Nous avons signé un contrat le 24 novembre 2009, qui m’engageait à leur livrer du lait bio jusqu’au 31 mars 2017, il est temps pour moi de ne plus participer à la fortune de Besnier. Il est temps pour moi de m’affranchir du lactalisme.
Le lactalisme est un système qui concentre le pouvoir autour d’un chef invisible, à la tête d’un groupe industriel qui a pour seule valeur la chrématistique, c’est à dire dont la seule finalité est la monnaie, pour elle-même.
Le groupe considère le dialogue social avec les éleveurs comme une relation verticale et brutale, où les paysans sont considérés comme des sous-employés, producteurs de matière première. Lactalis, c’est l’histoire d’une réussite industrielle qui a dérivé en monstre froid asphyxiant l’agriculture en imposant des prix indignes aux productrices et producteurs laitiers. Les porte-voix du groupe évoquent « la réalité des marchés » pour justifier les prix du lait dramatiquement bas.. Mais quelle est la réalité ?
Emmanuel Besnier est devenu cette année la 8ème fortune de France. De 4 milliards en 2013, son porte-monnaie est passé à 11 milliards en 2017. Pendant ces quatre années, combien d’agriculteurs ont abandonné, exténués, endettés, voire suicidés?
Quel sens Besnier trouve dans cette attitude ? Quel sens trouve-t-il à vivre ainsi reclus dans un palais d’or au milieu d’un champ d’ossements ?
Comme un ténia qui enfle aux dépens de son hôte, Lactalis grossit en tuant les fermes. Mais Lacatlis est incapable de survivre sans nous. Sans éleveurs, sans vaches, sans lait, Lactalis est condamné. Tandis que nous pouvons très bien se passer de ce groupe; de nombreux outils de transformation existent déjà et ne demandent qu’à se développer.
L’agriculture vivra, l’élevage laitier autonome vivra, mais Lactalis paiera. Lactalis paiera devant les tribunaux des paysans, les morts et les vivants.
Si je quitte Lactalis, c’est aussi parce que j’ai rencontré une alternative pleine de sens pour vendre mon lait bio. Depuis le 1er avril 2017, le lait de la Chènevétrie est collecté par Biolait.

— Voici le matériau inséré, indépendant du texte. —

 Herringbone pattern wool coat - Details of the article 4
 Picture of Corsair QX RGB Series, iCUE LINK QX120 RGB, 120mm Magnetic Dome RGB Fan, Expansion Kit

Biolait est un groupement d’éleveurs laitiers qui se sont organisés pour collecter eux-même le lait et trouver des partenaires pour le vendre. Ils ont démarré à 6 en 1994. Aujourd’hui, avec 1000 fermes, Biolait est le premier collecteur de lait bio en France.
Un groupement dont une des priorités est la démocratie et la transparence. Pour la première fois, le 30 et 31 mars, j’ai participé à l’assemblée générale. C’était épatant : imaginez 650 éleveurs réunis dans une même salle, à débattre de leur projet politique commun et de leurs stratégies. Ça applaudit, ça proteste, ça fuse, ça débat, mais toujours de manière respectueuse et fructueuse.
Entre chaque plénière, ce fut un tourbillon de rencontres et une vraie richesse d’échanger sur tout [ chien de troupeau, pâturage, chicorée, race à viande, vente directe, transfo, politique agricole, vêlage groupés, monotraite, la vie…] avec tous [des vosgiens, des finistériens, des gars du nord, des alsaciens, des aveyronnais, des productrices des monts du lyonnais, des normands, et avec mes voisins vergelais.]